Pourquoi est-ce historique ?
« L'enjeu est énorme, analyse Maricel Rodriguez Blanco. Cela montre le changement que connaît la société argentine. Une nouvelle génération de femmes hyper connectées a contribué à changer les pratiques des générations de leurs parents qui ont été éduqués sous une pression de l'Église catholique et de la morale chrétienne », poursuit la chercheuse. Ce texte s'inscrit dans la lignée de lois progressistes adoptées ces dernières années, à l'image de la légalisation du mariage homosexuel en 2010 ou de la loi permettant de choisir son genre, votée en 2012.

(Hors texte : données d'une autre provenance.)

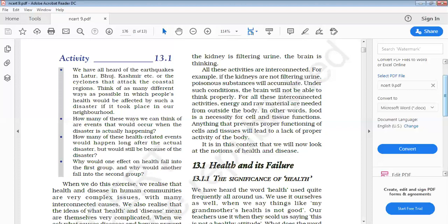In other words, we can say a regular supply of food is necessary to the body so that the necessary components are provided to the cells for proper functioning of tissues and organs. Anything that prevents proper functioning of cells, tissues, and organs will lead to lack of proper activities of the body. In this context, we shall discuss health and its failure, disease and its causes, types of diseases, means of stress, principle of treatment, principle of prevention, and some microbial diseases. So let us start with health and its failure.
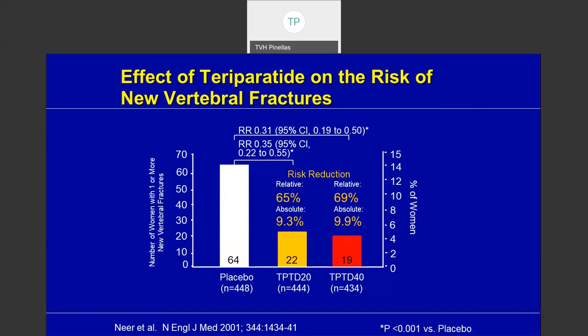Teriparatide (Forteo) is a bone-forming agent. Looking at the risk of new vertebral fractures over an 18-month trial, there is again a 65–70% reduction in vertebral fractures, similar to numbers shown for Reclast, oral bisphosphonates, or denosumab. Forteo is given as a daily injection for up to two years, and is generally reserved for patients who have had a previous fracture or have failed other therapies.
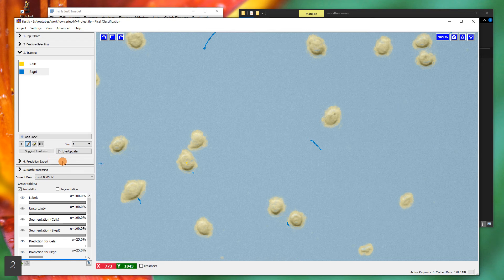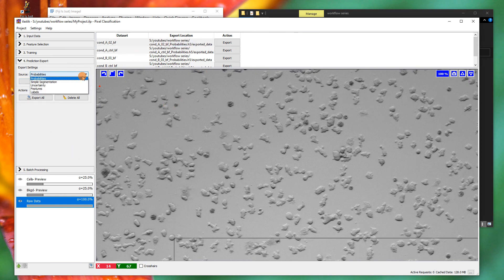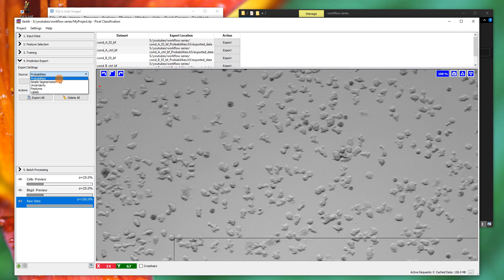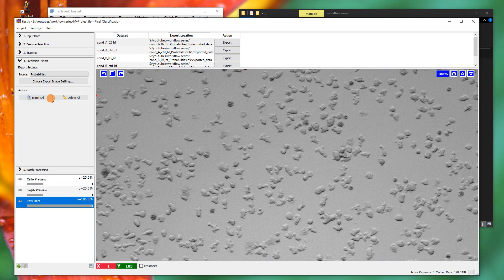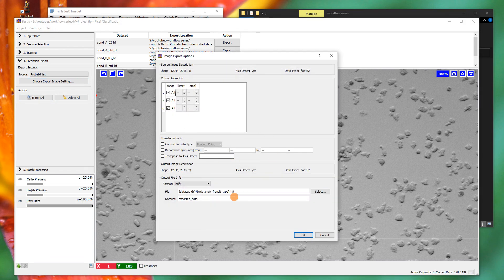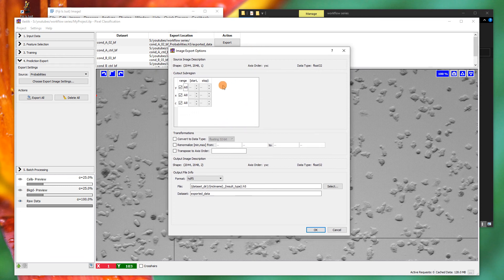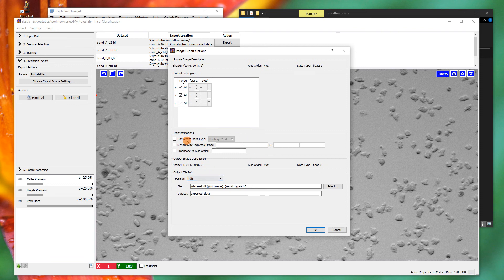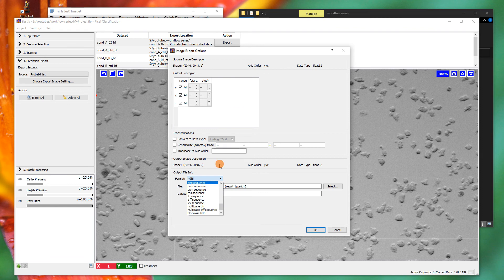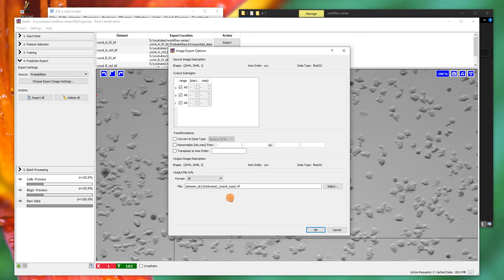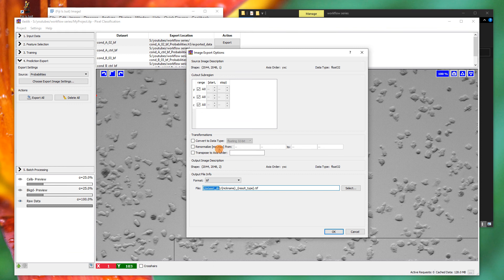On to the next section is the prediction export. We're going to export the probabilities. You can export different options there, probabilities of it being in class A cells or class B background. We're going to change the settings here. This particular window deserves almost a 10-minute tutorial on its own sometimes. We're going to look through some of the options and the export options here. Watch out for the different types of TIFFs and sequences. You have lots of different types and it depends on the dataset. We have a single image, we're going to export just to TIFFs, which is kind of the easy option. You'll see this is the dataset directory. This is where the files came from. The nickname is the name of the file, which is going to be here like condition A02, and the result type is going to be probabilities.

Depuis des années, les pro-IVG, ralliés autour de la couleur verte, ont fait une intense campagne sur les réseaux sociaux. En particulier la Campagne pour un avortement légal, sûr et gratuit, qui regroupe plus de 300 organisations féministes. Mais en 2018, le Sénat avait retoqué un texte de loi similaire visant à légaliser l'avortement, alors que cette question divisait profondément l'opinion publique.
Cette fois, la loi a été définitivement adoptée par le Congrès, grâce notamment à l'ajout de la clause « d'objection de conscience ». Mais attention, « tout n'est pas gagné », met en garde la spécialiste des mouvements sociaux. « Lors de sa mise en place, il y aura très probablement des cas dans des provinces conservatrices ou pauvres où tout le personnel d'un établissement de santé se déclarera objecteur de conscience, et il n'y aura peut-être pas d'institutions à proximité où envoyer les femmes souhaitant se faire avorter », alerte Maricel Rodriguez Blanco. La chercheuse rappelle que la précédente loi encadrant l'IVG sous conditions n'était déjà pas toujours respectée dans certaines provinces.
Quelles répercussions cette décision pourrait-elle avoir dans la région?
Selon l'institut américain Guttmacher, 97 % des femmes en âge de procréer en Amérique latine vivent dans des pays avec des lois sur l'IVG restrictives. Le recours à l'avortement sans condition n'est possible que dans trois pays : à Cuba (depuis 1965), à Guyana (depuis 2006) et en Uruguay (depuis 2012) ainsi que dans certains Etats mexicains, dans la ville de Mexico et dans l'Etat de Oaxaca.
« L'adoption d'une loi qui légalise l'avortement dans un pays catholique aussi grand que l'Argentine va dynamiser la lutte pour garantir les droits des femmes en Amérique latine », s'est félicité Juan Pappier, chercheur spécialiste des Amériques, à Human Rights Watch. « Ça permettra de diffuser leurs revendications dans d'autres pays de la région, car les mouvements féministes sont très internationalisés », abonde Maricel Rodriguez Blanco. Du Mexique au Chili, les féministes latino-américaines mènent déjà d'autres combats depuis plusieurs années, contre les violences sexistes et sexuelles ou les inégalités sociales. La victoire des féministes argentines devrait encore les conforter dans leur lutte.